夏競馬は佳境。その夏のローカル戦で最大のイベントと言っていい伝統あるGII戦、札幌記念が今週のメインだ。秋競馬を見据えて、ひと息入れていた大物がここをスタート台とすることも多く、毎年顔ぶれはいい。なので夏の祭典としてGIに昇格してはどうか、との声も小さくない。
今年もメンバーはそろった。無傷の5連勝で桜花賞を制した白毛のアイドルホース・ソダシをはじめ、ブラストワンピース(有馬記念)、ペルシアンナイト(マイルCS)、ラヴズオンリーユー(オークス)とGI馬が4頭。
加えて、目黒記念を勝ったあと、ここに照準を合わせていたウインキートス、七夕賞勝ちのトーラスジェミニ、GI戦線で常に善戦するユーキャンスマイル、近5走が全てGII戦で掲示板を外していないステイフーリッシュなど、役者ぞろいで見応え満点。ファン必見の重賞である。
馬券的にもおもしろいが、まずは過去の傾向をみてみよう。02年に馬単が導入されて以降、これまでの19年間、その馬単での万馬券は5回(馬連も5回)。この間、1番人気馬は4勝(2着7回)、2番人気馬は6勝(2着1回)で、1、2番人気馬によるワンツー決着は4回。平均すると順当に収まっているようにみえるが、4年前に馬単で6万9510円(3連単は20万1410円)馬券が飛び出すなど、荒れる時は大きく荒れている。

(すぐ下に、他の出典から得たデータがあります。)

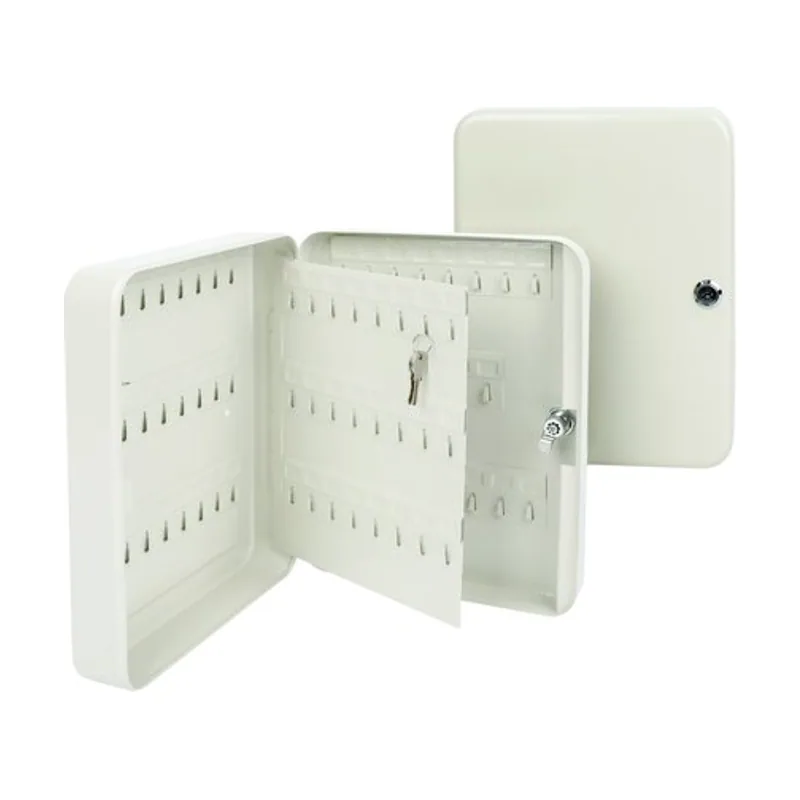 Forofis Armario metalico 80 llaves 30x24x7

年齢的には他の重賞同様、4、5歳馬がよく連対しているが、斤量が軽い分、3歳馬の善戦が目立つ。それと牝馬だ。出走頭数は少ないが、過去19年で7勝(2着2回)しており、今回人気になるであろうソダシを断じて軽くみてはいけない。
とはいえ、穴党としてソダシを本命にはしづらい。たしかにオークス(8着)のあとは放牧でリフレッシュ。英気を養ってから、ここを目標にしっかり乗り込まれ、抜かりなく仕上げられているようにみえる。
ただ、成長期にさしかかっている今、予想以上に体重が増えているなど、陣営の思惑どおりに調整できているかどうかは微妙なところ。ひょっとすると重め残りの状態で出走するかもしれず、実績があるからといって簡単に飛びついていいかどうか。3カ月ぶりの実戦だけに、そのあたりもしっかりと確かめることが、まずは肝心だ。

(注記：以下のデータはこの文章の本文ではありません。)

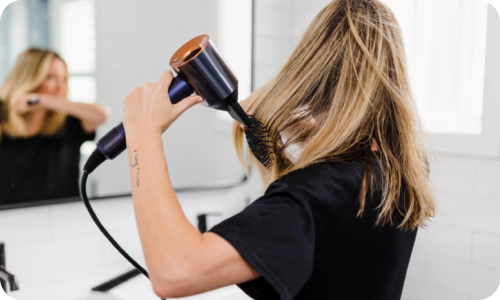 Фены Dyson — инновационная сушка и бережный уход за волосами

というわけで、穴党として期待したいのは、バイオスパークである。
5走前に福島記念を制しているものの、この時はハンデ戦(55キロ)であり、今回のメンバーに入ると格下馬とみられてもやむをえないところ。しかし、これまでオープン馬の強敵相手にもまれてきたのがよく、ジワジワと力をつけてきている。実績が伴わないからといって軽視は禁物なのだ。

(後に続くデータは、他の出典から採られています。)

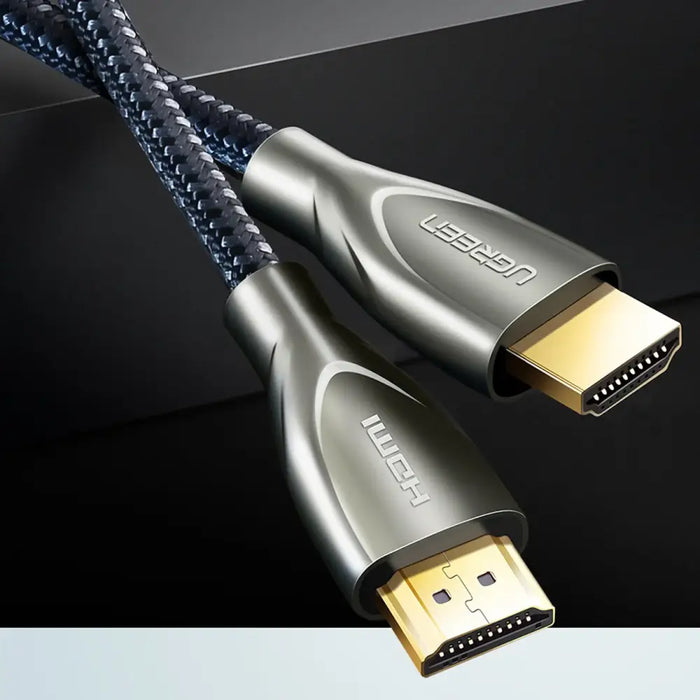 Ugreen HDMI 2.0 4K UHD cable 2m black (HD131) - Video cables<<<HurtelXML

前走の函館記念(3着)は、ひと息入ったあとの一戦。にもかかわらず外枠から果敢に先行策を取り、好位の3、4番手から見せ場を作ったほど。使われつつ地力強化されてきたことは確かだろう。
この中間も、いたって順調。しっかりと乗り込んできており、1週前の追い切りの動きも軽やかでリズミカル。実にいい雰囲気に仕上がっており、力を出せる状態でレースに臨めるとみていい。
「もまれつつ力をつけていることは間違いない。どんな競馬を見せてくれるか、楽しみ」
こう言って浜田調教師をはじめ、厩舎スタッフが力を込めるほどだ。
相手なりに走る勝負強さが身上の馬。前走の内容、上昇ぶりから、この相手でも互角に渡り合っていいはずだ。